There will be no bump this time around for Carly, who has lost most of her support to Dr. Carson and has shown no ability to capitalize on her past debate performances.
Sen. Paul had his best debate thus far, following what was an absolutely horrible showing in the first two. Even if he didn’t win over voters in the hawkish wing of the GOP during his exchange with Sen. Rubio, he was right on the substance. The same is true on the scuff up over Rubio’s tax plan, which essentially gives out a welfare transfer payment without offsetting its damage to the deficit.
Paul also definitely scored points against the frontrunner when he noted that China was not even a part of TPP, which Trump appeared not to know. Unfortunately, Paul also pardoned Trump from his own attack to some extent when he admitted to agreeing with him over whether or not the Congress should’ve given President Obama more power to negotiate the deal.

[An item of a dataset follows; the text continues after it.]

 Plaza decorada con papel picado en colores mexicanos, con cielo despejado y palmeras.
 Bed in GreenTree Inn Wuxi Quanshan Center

Nevertheless, it was a good night for Paul, who has seen his numbers bounce back in recent weeks as Fiorina cratered. Paul is now tied with the former CEO for sixth place, and I suspect that trajectory and trend may just continue to favor him. Even if that turns out not to be the case, it is a far cry from just a few weeks ago when pundits were prematurely pontificating about his demise.
If I had to pick a winner, as I said, it would be either Marco Rubio or Ted Cruz. If I had to pick a loser, it would be Gov. Kasich. In fact, even though the question of “who won” a debate isn’t at all that simple, sometimes “who lost” is crystal clear. Kasich, from the beginning, came across as unlikable, as well as morally and intellectually condescending. He lost the exchanges with Trump and Cruz on immigration and was booed in his losing exchange with Cruz alone on bank bailouts.
Neither Trump nor Carson had a night that inflicted fatal or even significantly harmful damage to them among their core supporters. And if you are tempted to think otherwise listening to the geniuses offering post Republican debate analysis, I’d remind you we’ve been here before. In fact, about three times before.